The People And The Books

W. W. Norton & Company   2016

 

Much has been written about the inseparable bond between the Jewish people and their literature. Often called the “People of the Book”—a phrase originally used in the Koran to describe both of Islam’s sister religions—the Jewish people have adopted this title as an honor. Indeed, historians have suggested that it is this eternal relationship to literature that keeps the Jewish people alive and Jewish identity vibrant.

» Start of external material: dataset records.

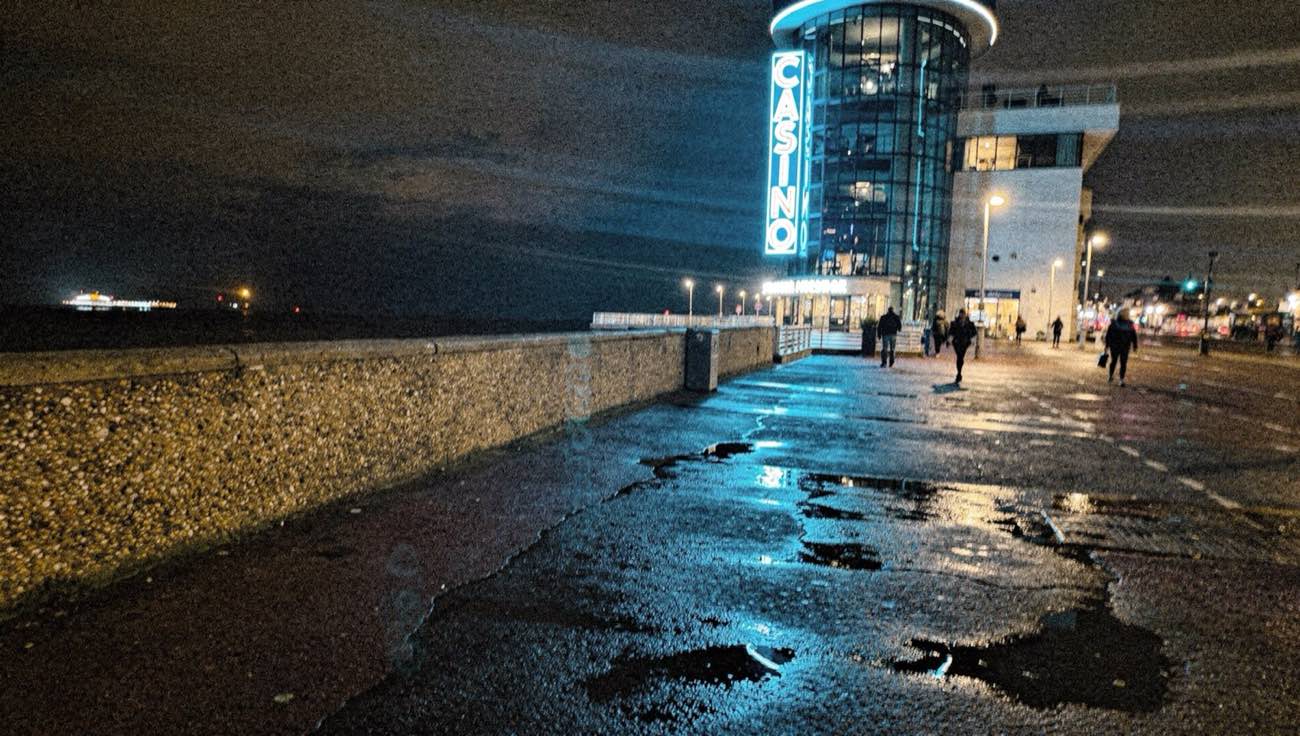 ServerHopCollective exterior with neon reflections on the wet promenade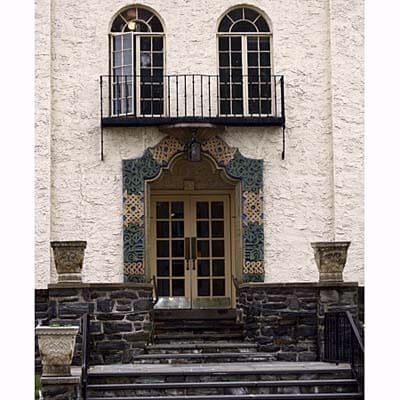 Image of an entryway with Mediterranean surround style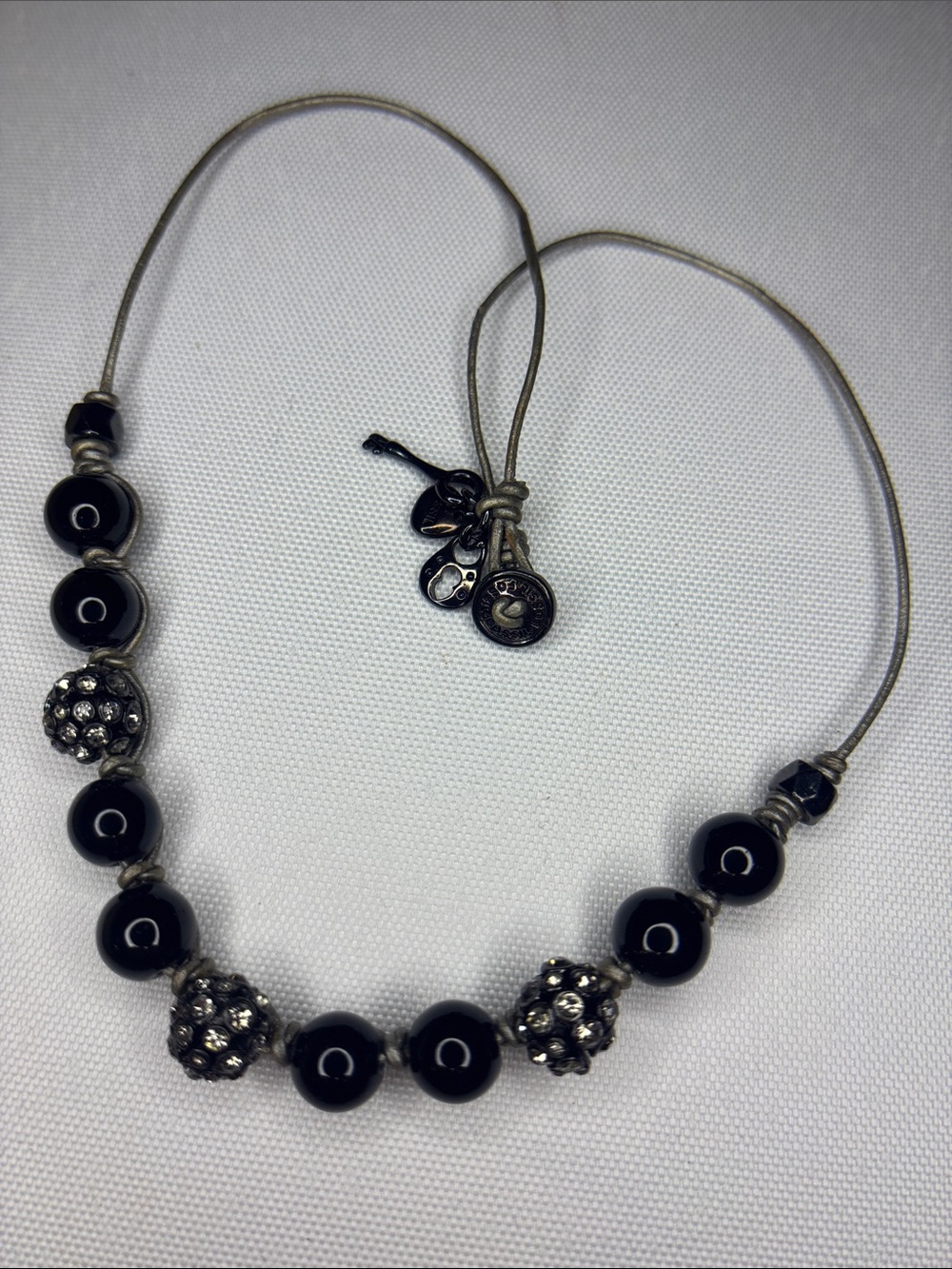 Fossil beaded dainty dark coloured necklace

Adam Kirsch’s new book, The People and the Books, is a close reading of eighteen influential pieces of Jewish literature from across the ages. His selections include the Bible as well as works of philosophy, history, ethics, autobiography, and mysticism. Kirsch begins with a preface that outlines his observations in bringing these books together: “Perhaps the most striking thing that emerges from reading these books together is the remarkable continuity of Jewish thought, despite all the catastrophes and ruptures of Jewish history. From the biblical Book of Deuteronomy in the seventh century BCE to the works of the Yiddish master Sholem Aleichem in the twentieth century CE, a few subjects preoccupy every kind of Jewish writer. They might be reduced to four central elements: God, the Torah, the Land of Israel, and Jewish people.”

The People and the Books is divided into fourteen chapters. Kirsch reviews the eighteen books in chronological order and connects each analysis to those that precede it. In chapter six, Kirsch considers the Itinerary of Benjamin of Tudela by the Spanish-born traveler of the same name and the Kuzari by poet and philosopher Yehudah HaLevi. Benjamin's memoir recounts his travels across the Jewish communities of the twelfth century, including his visit to Tiberias and the grave of Yehudah HaLevi. In his analysis, Kirsch connects the themes of these works; both explore the life of Jews under Muslim and Christian rule and are resonant with the Jewish yearning for a return to the Land of Israel.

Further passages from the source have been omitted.